Atmosphere Ocean Science Student Seminar
Two talks from our current students
Speaker: Nick DeFilippis and Matt Pudig, CAOS
Location: Warren Weaver Hall 1314
Date: Friday, October 20, 2023, 4 p.m.
Observations of the oceanic internal wave energy frequency spectrum reveal a peak in the near-inertial band and a power law in the super-inertial range. Recent numerical and theoretical results suggest that wave energy injected in the near-inertial band is spread to higher frequencies through scattering by the balanced eddy field. We investigate elements of this idea through a series of numerical simulations of the nonlinear shallow water equations, initialized with a narrow band of near-inertial waves, and a balanced field characterized by steady-state geostrophic turbulence. The amplitude of the balanced flow is characterized by small Rossby number, and the amplitude of the wave flow is weak relative to the balanced flow. The balanced velocities, however, are slow compared to the wave group velocity, placing the overall flow in a small-Froude-number regime. When the balanced flow is removed, wave energy does not spread, even over very long times. As the magnitude of the balanced flow is increased, however, wave energy is spread to higher frequencies and smaller scales, following a power-law.Previous theoretical work in a similar regime of rotating shallow water flow finds that unsteady balanced flows produce frequency spreading via an ‘induced diffusion’ of wave modes to higher wavenumbers. These results are supported by numerical integrations of the ray tracing equations through synthetically-generated balanced flows. We close the gap by showing to what degree current theory, and the ray tracing approach, are able to explain the results of our nonlinear simulations.

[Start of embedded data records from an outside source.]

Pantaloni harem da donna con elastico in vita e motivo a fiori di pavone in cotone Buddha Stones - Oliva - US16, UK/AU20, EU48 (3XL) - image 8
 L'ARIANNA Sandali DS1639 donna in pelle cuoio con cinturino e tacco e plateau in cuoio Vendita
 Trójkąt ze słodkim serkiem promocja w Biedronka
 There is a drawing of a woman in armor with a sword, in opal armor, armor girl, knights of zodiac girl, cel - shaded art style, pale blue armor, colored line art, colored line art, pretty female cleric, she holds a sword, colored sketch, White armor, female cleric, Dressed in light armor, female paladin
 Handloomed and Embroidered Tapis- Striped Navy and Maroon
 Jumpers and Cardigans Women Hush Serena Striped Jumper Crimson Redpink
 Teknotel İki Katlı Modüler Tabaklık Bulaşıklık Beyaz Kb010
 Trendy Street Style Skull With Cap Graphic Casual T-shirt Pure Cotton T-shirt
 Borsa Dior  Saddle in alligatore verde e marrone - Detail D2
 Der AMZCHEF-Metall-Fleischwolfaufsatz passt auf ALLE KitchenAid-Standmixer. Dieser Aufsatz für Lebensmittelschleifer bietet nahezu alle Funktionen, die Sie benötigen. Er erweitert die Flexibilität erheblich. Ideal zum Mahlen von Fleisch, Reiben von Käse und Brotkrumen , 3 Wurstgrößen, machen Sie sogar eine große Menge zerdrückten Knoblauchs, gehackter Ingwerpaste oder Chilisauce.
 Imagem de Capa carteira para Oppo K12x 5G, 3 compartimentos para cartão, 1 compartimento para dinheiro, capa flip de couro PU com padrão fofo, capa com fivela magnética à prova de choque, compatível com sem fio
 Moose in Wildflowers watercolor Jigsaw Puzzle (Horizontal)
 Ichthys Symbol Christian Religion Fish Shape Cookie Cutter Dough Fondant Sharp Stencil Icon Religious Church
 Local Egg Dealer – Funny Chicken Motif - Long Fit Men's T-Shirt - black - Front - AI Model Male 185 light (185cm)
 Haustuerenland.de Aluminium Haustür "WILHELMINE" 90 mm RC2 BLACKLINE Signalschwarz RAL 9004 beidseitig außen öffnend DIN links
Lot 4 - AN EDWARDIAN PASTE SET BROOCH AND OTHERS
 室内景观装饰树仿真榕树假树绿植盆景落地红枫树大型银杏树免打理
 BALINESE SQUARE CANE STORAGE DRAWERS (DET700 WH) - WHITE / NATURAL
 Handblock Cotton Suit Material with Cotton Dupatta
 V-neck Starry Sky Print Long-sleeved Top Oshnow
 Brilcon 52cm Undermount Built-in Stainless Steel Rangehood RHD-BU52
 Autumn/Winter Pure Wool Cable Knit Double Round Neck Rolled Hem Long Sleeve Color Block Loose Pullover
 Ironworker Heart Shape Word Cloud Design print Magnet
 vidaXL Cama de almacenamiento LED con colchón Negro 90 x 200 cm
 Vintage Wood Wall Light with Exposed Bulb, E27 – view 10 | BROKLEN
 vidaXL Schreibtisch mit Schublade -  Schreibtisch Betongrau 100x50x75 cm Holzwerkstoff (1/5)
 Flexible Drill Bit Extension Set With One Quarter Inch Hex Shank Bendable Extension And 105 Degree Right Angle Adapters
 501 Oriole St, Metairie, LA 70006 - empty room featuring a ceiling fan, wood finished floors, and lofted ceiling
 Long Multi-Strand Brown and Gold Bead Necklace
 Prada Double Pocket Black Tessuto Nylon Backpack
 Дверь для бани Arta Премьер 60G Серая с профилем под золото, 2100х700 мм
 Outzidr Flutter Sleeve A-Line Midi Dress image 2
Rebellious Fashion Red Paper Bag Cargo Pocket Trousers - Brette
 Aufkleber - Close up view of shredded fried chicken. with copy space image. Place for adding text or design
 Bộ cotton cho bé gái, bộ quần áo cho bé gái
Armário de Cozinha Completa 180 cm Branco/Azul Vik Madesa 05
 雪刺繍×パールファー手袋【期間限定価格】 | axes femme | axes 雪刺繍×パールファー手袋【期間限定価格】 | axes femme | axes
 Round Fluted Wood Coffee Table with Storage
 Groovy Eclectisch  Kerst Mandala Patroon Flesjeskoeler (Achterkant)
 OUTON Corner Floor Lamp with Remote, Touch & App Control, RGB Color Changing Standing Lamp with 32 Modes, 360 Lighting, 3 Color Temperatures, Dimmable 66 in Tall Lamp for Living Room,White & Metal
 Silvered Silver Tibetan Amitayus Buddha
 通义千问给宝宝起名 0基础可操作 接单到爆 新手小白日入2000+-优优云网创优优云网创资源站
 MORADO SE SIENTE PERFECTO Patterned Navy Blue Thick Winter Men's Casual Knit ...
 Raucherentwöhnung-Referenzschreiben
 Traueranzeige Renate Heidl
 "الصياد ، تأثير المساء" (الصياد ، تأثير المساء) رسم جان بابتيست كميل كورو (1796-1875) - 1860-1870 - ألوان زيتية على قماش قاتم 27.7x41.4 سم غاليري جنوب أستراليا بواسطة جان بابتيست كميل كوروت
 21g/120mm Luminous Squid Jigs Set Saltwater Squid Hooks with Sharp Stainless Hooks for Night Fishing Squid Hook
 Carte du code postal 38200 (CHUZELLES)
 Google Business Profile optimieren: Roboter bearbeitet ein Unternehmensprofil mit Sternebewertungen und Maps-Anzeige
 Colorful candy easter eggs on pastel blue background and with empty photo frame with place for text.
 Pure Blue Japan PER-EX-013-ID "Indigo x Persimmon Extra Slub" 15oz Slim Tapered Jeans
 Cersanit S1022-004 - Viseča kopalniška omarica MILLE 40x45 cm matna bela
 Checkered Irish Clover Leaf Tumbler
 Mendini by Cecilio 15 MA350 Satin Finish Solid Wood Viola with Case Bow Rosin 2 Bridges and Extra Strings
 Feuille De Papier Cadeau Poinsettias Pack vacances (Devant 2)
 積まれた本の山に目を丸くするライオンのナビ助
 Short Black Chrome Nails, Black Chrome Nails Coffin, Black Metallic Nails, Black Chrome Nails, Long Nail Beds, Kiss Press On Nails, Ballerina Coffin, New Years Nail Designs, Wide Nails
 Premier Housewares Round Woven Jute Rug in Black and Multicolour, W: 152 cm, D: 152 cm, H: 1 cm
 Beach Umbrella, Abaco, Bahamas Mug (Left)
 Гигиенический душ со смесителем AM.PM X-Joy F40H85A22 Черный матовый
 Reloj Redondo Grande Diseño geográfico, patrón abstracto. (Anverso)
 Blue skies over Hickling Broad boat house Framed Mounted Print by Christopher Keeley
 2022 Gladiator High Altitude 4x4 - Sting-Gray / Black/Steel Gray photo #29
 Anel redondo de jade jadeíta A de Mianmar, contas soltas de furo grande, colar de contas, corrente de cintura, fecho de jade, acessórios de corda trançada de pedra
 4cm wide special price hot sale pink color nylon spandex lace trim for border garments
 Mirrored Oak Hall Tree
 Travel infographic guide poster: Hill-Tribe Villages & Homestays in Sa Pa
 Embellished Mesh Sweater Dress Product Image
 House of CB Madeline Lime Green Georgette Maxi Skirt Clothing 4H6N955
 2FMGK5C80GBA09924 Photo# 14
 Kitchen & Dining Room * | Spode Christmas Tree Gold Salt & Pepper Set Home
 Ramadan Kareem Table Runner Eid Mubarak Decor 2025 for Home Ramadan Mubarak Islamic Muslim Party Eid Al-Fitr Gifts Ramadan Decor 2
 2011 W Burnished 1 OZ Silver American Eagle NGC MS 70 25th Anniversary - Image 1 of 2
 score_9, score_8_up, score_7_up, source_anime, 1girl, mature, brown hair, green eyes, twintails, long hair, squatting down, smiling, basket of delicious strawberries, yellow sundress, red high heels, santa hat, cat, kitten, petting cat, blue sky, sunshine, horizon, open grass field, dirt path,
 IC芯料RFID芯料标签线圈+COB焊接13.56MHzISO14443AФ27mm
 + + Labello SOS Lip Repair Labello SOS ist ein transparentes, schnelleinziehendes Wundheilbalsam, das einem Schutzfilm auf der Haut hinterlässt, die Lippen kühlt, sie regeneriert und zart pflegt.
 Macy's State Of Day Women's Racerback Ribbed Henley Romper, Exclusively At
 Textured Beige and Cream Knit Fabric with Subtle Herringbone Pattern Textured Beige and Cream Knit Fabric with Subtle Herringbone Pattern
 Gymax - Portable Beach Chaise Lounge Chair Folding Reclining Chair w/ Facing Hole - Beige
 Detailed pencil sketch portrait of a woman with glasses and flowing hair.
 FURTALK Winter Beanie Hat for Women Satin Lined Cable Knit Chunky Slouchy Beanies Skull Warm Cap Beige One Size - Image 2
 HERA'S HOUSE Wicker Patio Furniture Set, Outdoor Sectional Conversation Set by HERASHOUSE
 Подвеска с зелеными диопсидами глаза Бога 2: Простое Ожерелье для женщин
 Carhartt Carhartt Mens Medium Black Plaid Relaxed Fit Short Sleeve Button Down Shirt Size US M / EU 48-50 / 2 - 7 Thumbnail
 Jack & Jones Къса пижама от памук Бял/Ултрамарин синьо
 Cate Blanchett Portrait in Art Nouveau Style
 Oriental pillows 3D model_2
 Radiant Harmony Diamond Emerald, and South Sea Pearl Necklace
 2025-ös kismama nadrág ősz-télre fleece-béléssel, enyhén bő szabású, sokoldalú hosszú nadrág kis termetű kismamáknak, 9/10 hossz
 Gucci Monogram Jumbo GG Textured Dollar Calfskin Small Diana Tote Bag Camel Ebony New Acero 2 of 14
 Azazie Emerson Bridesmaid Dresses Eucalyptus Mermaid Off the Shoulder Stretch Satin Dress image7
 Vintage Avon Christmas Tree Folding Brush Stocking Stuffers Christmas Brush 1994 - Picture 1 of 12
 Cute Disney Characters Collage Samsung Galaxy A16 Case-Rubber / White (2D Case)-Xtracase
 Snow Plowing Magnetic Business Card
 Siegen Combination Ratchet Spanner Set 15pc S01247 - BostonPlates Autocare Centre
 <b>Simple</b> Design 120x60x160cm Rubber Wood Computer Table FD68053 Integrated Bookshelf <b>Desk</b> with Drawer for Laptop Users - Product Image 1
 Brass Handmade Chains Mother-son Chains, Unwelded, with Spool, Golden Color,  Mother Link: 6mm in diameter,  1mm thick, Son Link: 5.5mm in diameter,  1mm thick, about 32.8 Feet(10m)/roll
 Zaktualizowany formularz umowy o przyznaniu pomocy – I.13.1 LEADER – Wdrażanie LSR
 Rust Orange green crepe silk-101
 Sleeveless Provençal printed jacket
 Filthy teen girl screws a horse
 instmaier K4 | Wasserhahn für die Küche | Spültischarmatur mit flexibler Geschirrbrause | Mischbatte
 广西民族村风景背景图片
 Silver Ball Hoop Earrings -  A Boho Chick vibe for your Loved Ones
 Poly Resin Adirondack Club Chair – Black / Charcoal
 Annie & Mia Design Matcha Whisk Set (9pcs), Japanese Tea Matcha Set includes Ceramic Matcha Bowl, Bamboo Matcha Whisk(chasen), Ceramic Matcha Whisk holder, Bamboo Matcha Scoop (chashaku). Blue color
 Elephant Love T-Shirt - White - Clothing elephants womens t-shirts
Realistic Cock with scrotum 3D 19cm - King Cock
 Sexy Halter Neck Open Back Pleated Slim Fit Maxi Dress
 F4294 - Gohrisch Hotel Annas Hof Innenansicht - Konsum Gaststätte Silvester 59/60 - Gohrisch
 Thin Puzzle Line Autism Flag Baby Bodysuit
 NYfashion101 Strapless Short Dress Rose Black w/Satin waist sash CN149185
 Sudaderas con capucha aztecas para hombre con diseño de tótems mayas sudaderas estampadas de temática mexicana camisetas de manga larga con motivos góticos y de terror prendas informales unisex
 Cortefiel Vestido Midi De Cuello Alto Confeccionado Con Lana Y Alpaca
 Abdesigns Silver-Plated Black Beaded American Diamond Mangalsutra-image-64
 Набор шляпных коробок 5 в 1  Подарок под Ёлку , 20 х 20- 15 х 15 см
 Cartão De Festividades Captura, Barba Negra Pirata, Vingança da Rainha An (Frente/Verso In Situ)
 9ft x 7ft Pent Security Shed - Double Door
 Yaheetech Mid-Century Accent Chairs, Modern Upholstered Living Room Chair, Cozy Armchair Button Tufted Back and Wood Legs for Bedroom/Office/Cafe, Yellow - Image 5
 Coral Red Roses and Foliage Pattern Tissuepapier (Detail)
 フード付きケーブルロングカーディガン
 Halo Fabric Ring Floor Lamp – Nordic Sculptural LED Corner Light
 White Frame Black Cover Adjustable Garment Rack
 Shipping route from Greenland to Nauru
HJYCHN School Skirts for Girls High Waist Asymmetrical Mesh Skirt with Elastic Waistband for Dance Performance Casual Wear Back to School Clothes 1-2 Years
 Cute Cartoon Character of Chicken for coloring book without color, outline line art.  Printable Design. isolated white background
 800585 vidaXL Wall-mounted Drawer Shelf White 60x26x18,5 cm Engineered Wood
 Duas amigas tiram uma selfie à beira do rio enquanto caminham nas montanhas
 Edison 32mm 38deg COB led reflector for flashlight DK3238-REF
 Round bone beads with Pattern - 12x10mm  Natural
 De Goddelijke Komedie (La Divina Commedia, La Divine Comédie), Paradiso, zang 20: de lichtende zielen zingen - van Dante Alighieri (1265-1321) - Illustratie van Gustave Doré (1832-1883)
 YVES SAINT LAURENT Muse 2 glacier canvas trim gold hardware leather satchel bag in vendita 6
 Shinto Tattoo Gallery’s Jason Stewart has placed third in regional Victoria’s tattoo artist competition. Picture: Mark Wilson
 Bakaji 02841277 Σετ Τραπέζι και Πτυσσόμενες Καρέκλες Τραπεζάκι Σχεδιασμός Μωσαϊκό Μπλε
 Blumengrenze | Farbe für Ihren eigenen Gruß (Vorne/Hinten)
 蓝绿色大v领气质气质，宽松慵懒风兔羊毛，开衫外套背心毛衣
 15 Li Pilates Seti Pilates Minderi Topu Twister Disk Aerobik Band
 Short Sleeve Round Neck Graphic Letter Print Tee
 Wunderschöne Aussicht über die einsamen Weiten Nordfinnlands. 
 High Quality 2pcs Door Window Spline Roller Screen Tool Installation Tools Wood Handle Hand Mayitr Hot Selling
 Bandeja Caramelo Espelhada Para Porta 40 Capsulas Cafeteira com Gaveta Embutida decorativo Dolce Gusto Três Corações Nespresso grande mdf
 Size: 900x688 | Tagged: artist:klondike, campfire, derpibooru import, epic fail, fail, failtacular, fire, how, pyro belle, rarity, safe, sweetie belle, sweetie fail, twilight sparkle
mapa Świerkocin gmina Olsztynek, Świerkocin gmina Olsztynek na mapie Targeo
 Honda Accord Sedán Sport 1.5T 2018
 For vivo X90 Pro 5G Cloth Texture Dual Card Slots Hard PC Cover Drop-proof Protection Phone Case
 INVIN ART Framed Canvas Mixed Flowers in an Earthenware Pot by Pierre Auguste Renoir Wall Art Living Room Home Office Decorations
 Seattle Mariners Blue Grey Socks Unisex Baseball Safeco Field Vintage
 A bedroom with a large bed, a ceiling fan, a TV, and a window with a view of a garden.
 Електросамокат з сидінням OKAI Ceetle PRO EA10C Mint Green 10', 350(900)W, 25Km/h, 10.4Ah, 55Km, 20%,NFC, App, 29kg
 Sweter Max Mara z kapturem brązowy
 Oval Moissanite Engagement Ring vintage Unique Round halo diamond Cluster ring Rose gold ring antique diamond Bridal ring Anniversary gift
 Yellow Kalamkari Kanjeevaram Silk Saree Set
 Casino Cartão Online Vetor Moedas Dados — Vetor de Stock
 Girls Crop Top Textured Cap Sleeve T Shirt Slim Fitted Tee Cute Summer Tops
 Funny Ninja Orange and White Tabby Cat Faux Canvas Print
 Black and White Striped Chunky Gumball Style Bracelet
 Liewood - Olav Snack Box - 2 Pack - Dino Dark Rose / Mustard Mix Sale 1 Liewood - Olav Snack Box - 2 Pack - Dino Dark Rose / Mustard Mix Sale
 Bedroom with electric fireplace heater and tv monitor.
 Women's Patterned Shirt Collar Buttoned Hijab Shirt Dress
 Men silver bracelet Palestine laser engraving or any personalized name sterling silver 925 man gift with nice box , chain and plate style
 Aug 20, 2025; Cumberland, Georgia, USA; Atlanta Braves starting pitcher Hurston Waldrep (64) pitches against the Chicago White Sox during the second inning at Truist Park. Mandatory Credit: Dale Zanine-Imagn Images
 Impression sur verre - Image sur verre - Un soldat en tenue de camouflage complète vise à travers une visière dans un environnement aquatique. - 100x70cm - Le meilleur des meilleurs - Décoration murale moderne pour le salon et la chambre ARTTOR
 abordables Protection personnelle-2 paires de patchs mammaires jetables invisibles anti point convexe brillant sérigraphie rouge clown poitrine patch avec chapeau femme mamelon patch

Much theoretical work on geostrophic turbulence in the ocean assumes a flat bottom: a sea floor absent of slopes, mounts and valleys. Of course, the sea floor is not flat, and bottom topography can in fact impact quite profoundly the large-scale turbulence occurring above. In particular, bottom topography can affect geostrophic turbulence by modifying both the horizontal scale to which the inverse energy cascade can proceed—thus affecting the eddy scale of the fully-developed turbulence—as well as the preferred vertical structure of these eddies. In this short talk, I will focus on these two effects of bottom topography and seek to give a pedagogical tour through what I have learned over the last few months. Toward the end, I will show some results from recent work on these ideas and speculate on the directions in which I hope this work to go.